Fatalities vs False Positives
In any statistical system, like the classification algorithm running inside self-driving cars, you run the risk of making two distinct types of mistake: detecting a bike and braking when there is none, and failing to detect a bike when one is there. Imagine you’re tuning one of these algorithms to drive on the street. If you set the threshold low for declaring that an object is a bike, you’ll make many of the first type of errors — false positives — and you’ll brake needlessly often. If you make the threshold for “bikiness” higher to reduce the number of false positives, you necessarily increase the risk of missing some actual bikes and make more of the false negative errors, potentially hitting more cyclists or cement barriers.
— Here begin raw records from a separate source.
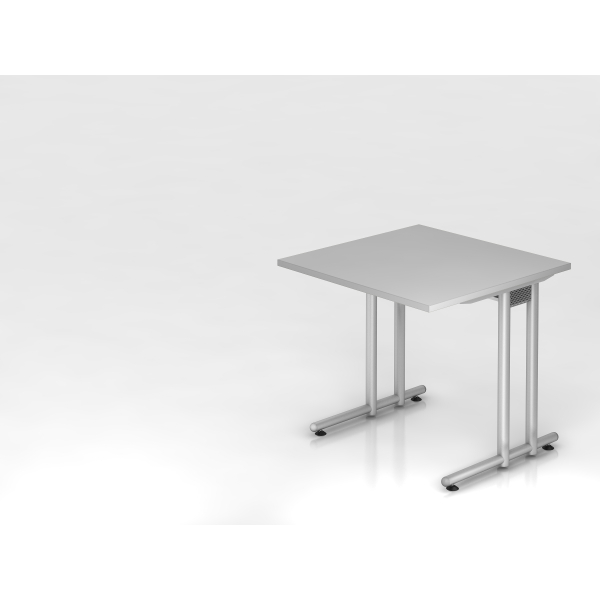 4032062011782 - HAMMERBACHER NS08 Schreibtisch lichtgrau quadratisch C-Fuß-Gestell silber 800 x 800 cm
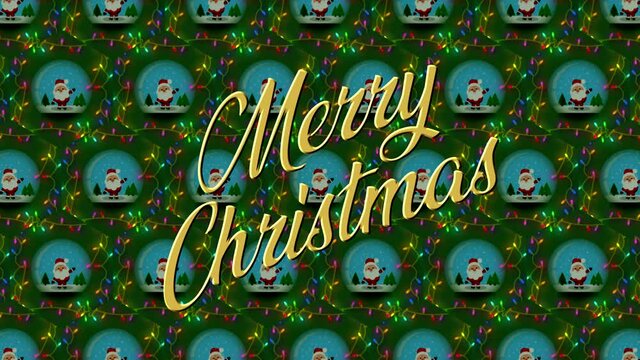Festive Christmas animated wrapping paper background, with waving Santa in a snowglobe and flashing fluttering fairy lights on a dark green background, with write-on animated Merry Christmas message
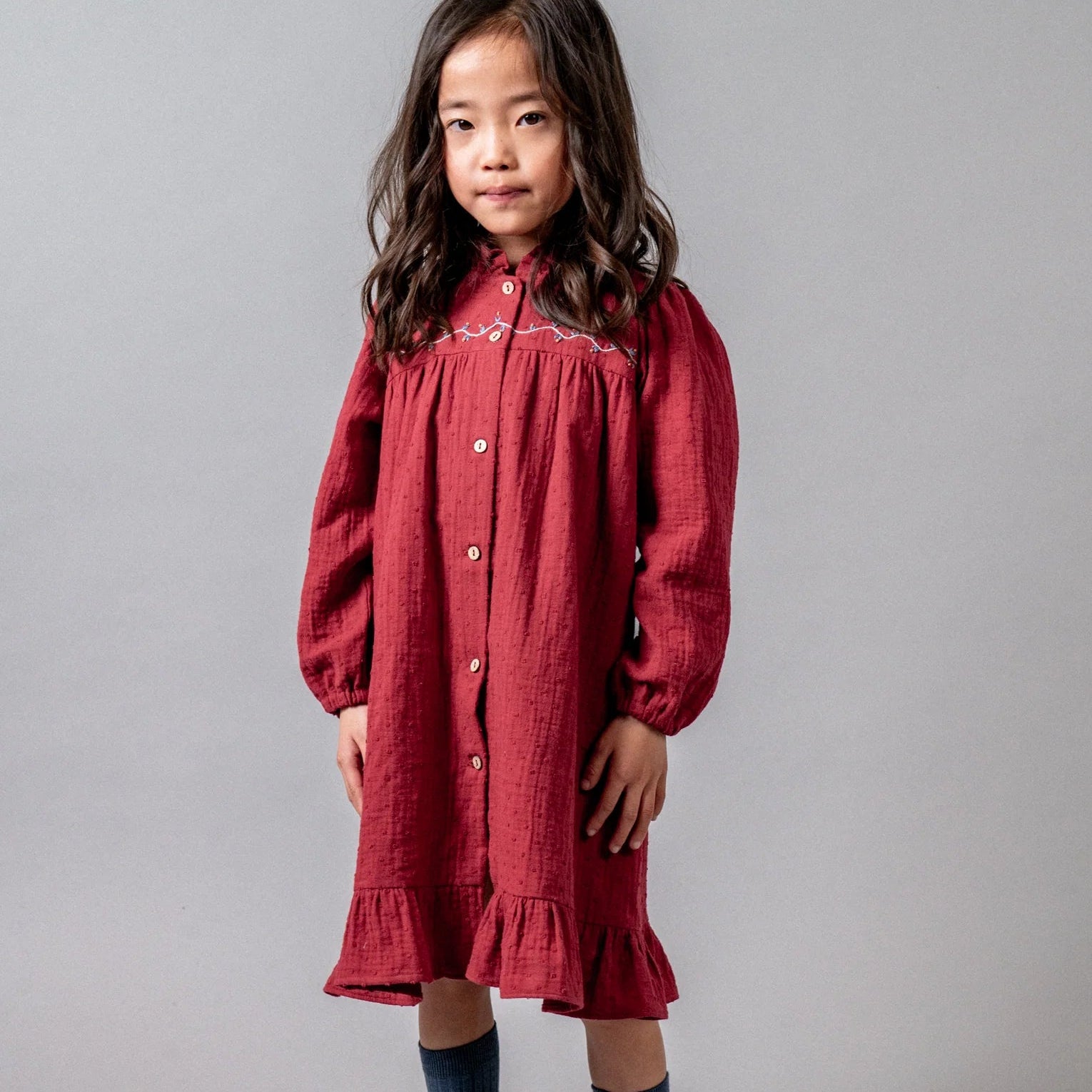 PLUMETI EMBROIDERED DRESS - Burgundy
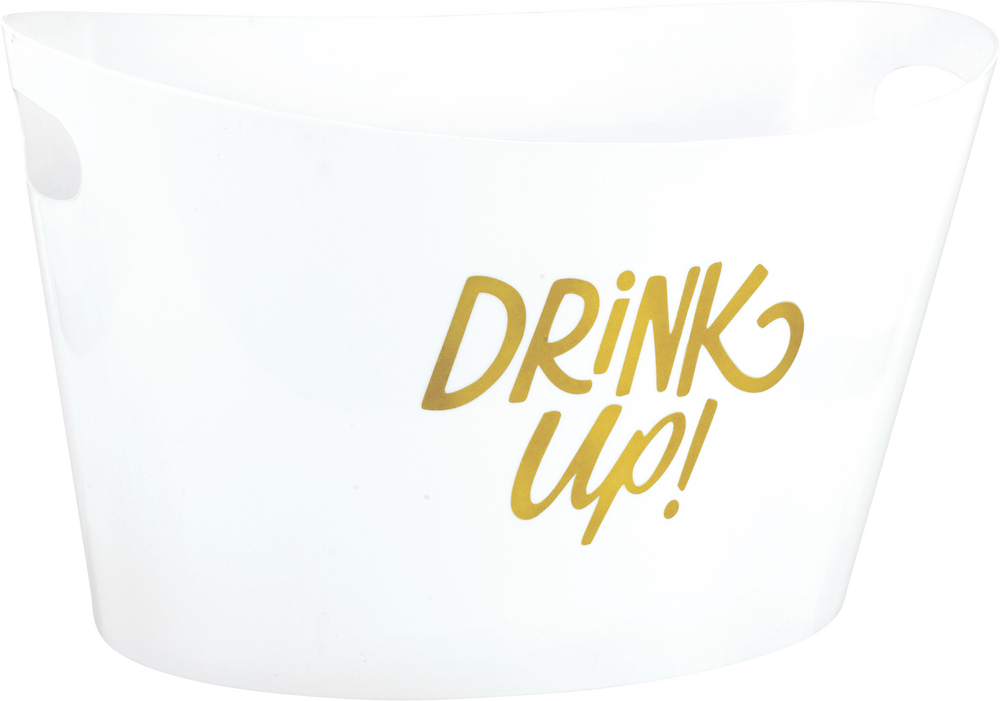 Oval Drink Up Plastic Ice Bucket for Birthday, Party, Anniversary, Gold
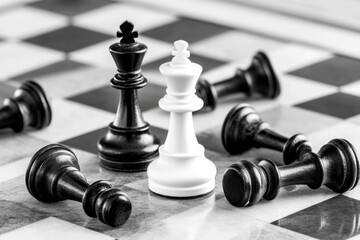 Leader and competition. White Chess King among lying down black pawns on chessboard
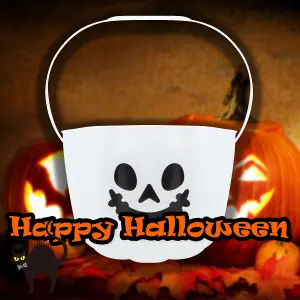 Halloween Candy Bucket Glow In The Dark Sweet Bucket Trick or Treat Party  White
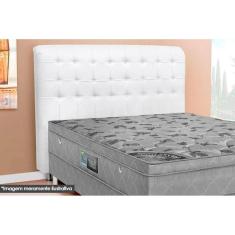 Painel de Cama Box Estofada Queen Dama Plus Courano Branco - Simbal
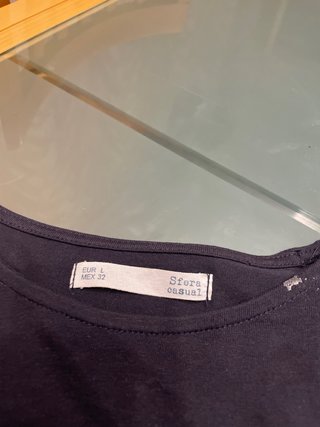 Camiseta azul marino manga larga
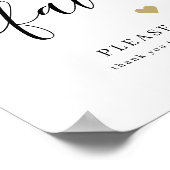 Elegante Script-Gastgeschenke Hochzeiten bitte ein Poster (Ecke)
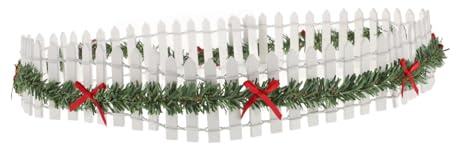 Beaupretty Miniature Wooden Garden Fence for Micro Landscape Decoration Christmas-themed Small Picket Fence Ornament Wood Craft for Miniature Fairy Gardens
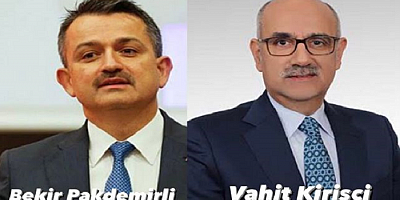 Tarım Orman Bakanı Dr. Bekir Pakdemirli  istifa etti. Yerine  Vahit Kirişçi  geldi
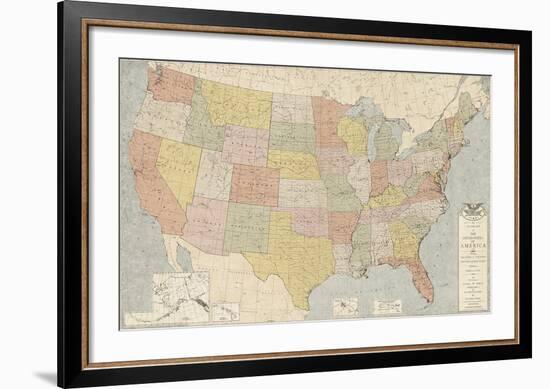 United States Map-The Vintage Collection-Framed Giclee Print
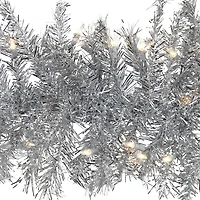 Northlight Silver Tinsel Clear Lights Pre-Lit Christmas Outdoor Garland
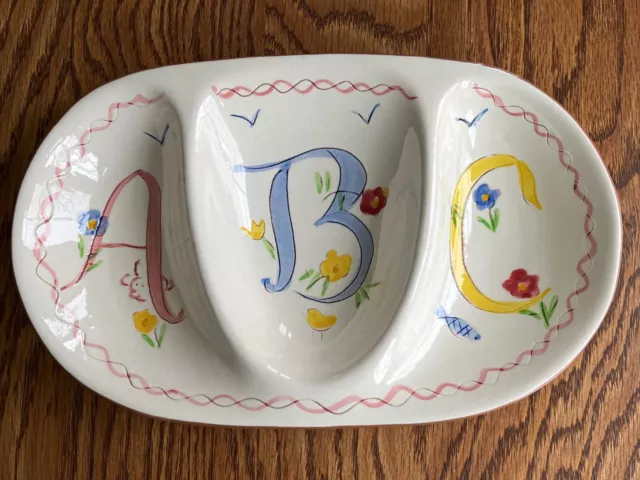 Vtg 1950s Strangl Pottery ABC Divided Child's Dish - hand painted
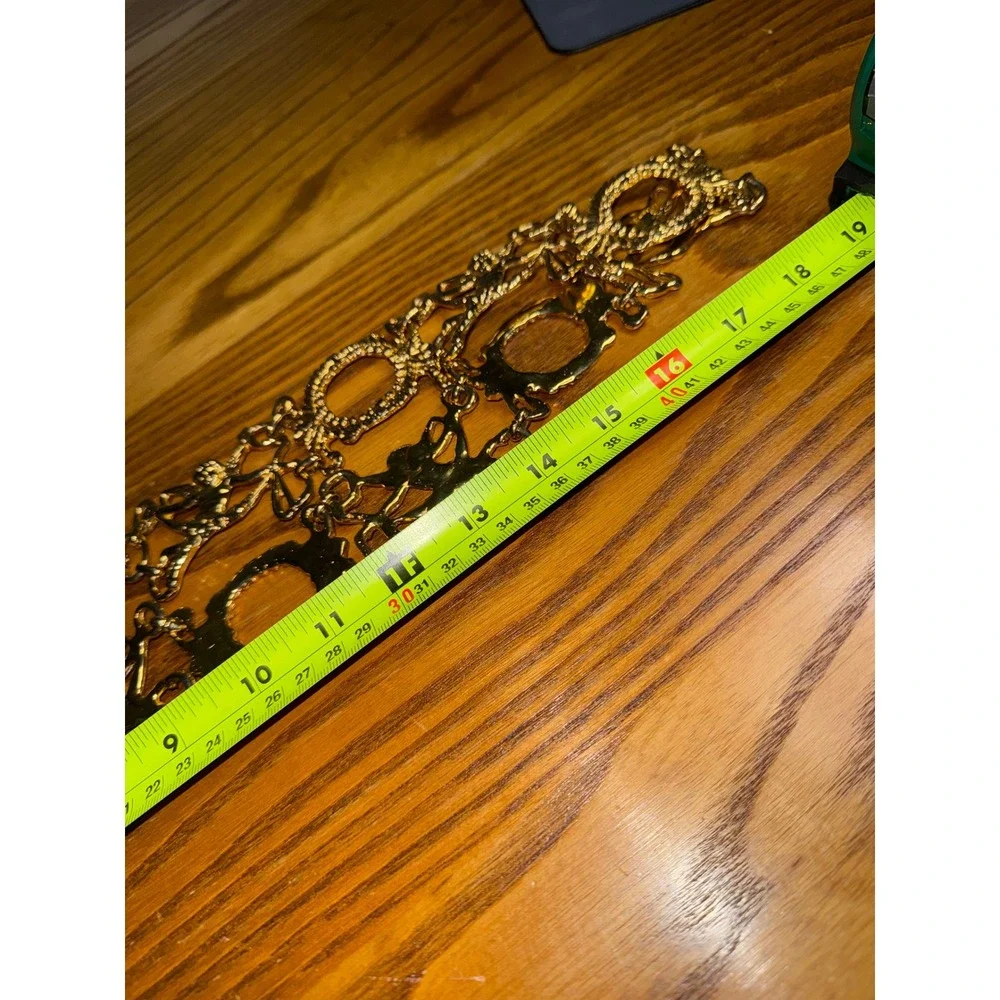Vintage Inspired Ornate Gold Chain Waist Belt Cherub Heart Statement Accessory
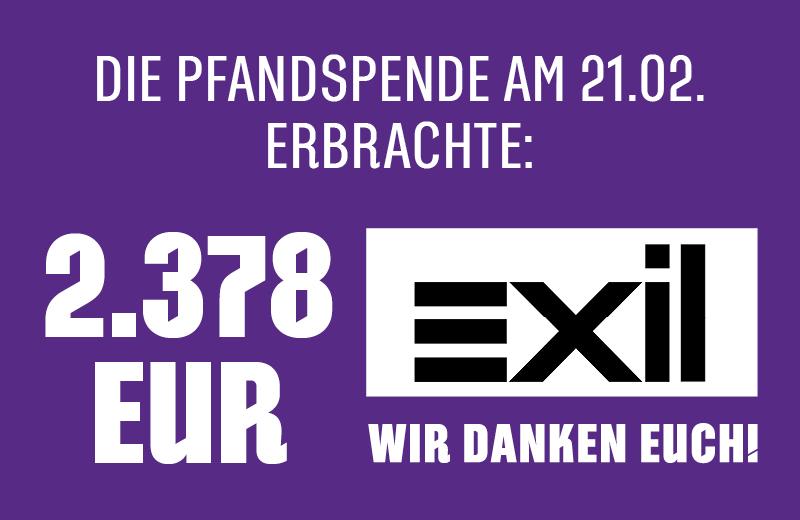 2.378 EUR Becherpfandspende für Exil e.V.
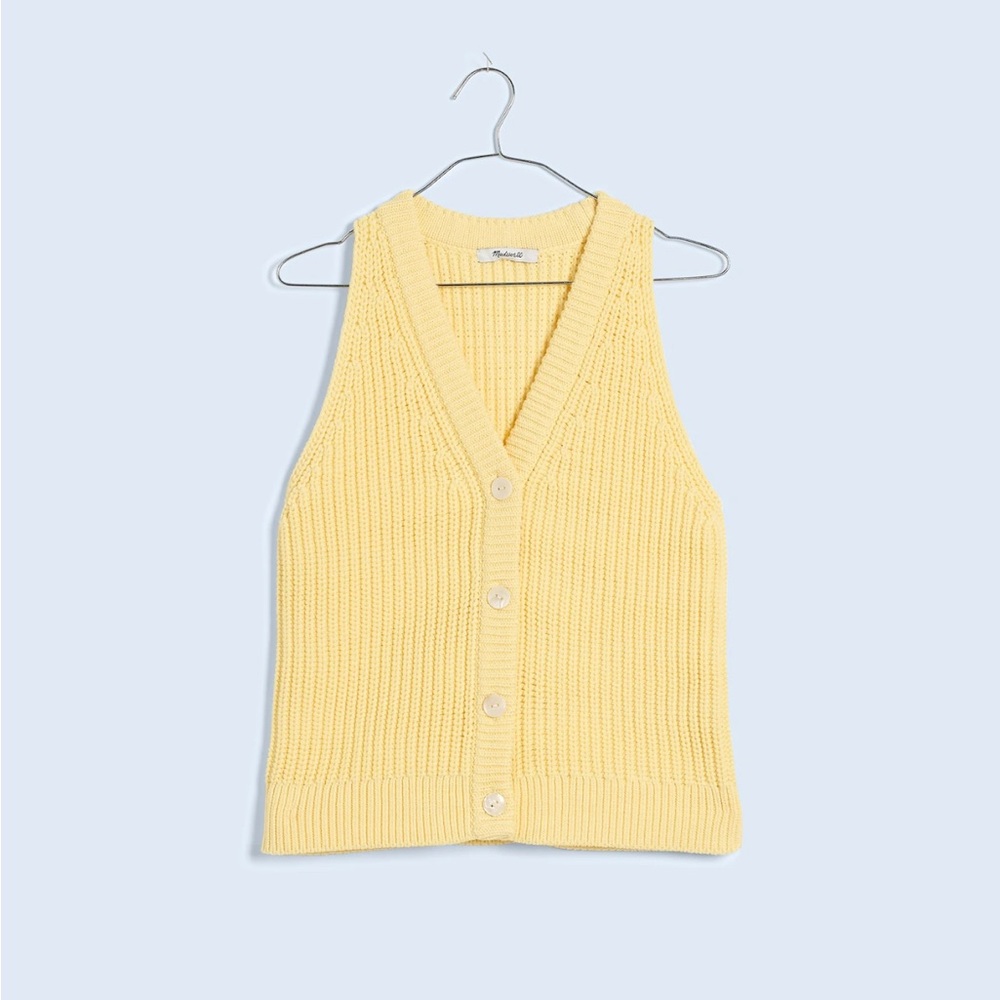 Madewell Cutaway Sweater Vest yellow Size M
It may seem cold to couch such life-and-death decisions in terms of pure statistics, but the fact is that there is an unavoidable design tradeoff between false positives and false negatives. The designers of self-driving car systems are faced with this tough choice — weighing the everyday driving experience against the incredibly infrequent but much more horrific outcomes of the false negatives. Tesla, when faced with a high false positive rate from the radar, opts to rely more on the computer vision system. Uber, whose LIDAR system apparently generates too-frequent emergency braking maneuvers, turns the system off and puts the load directly on the driver.
And of course, there are hazards posed by an overly high rate of false positives as well: if a car ahead of you inexplicably emergency brakes, you might hit it. The effect of frequent braking is not simply driver inconvenience, but could be an additional cause of accidents. (Indeed, Waymo and GM’s Cruise autonomous vehicles get hit by human drivers more often than average, but that’s another story.) And as self-drivers get better at classification, both of these error rates can decrease, potentially making the tradeoff easier in the future, but there will always be a tradeoff and no error rate will ever be zero.
Without access to the numbers, we can’t really even begin to judge if Tesla’s or Uber’s approaches to the tradeoff are appropriate. Especially because the consequences of false negatives can be fatal and involve people other than the driver, this tradeoff effects everyone and should probably be more transparently discussed. If a company is playing fast and loose with the false negatives rate, drivers and pedestrians will die needlessly, but if they are too strict the car will be undriveable and erratic. Both Tesla and Uber, when faced with this difficult tradeoff, punted: they require a person to watch out for the false negatives, taking the burden off of the machine.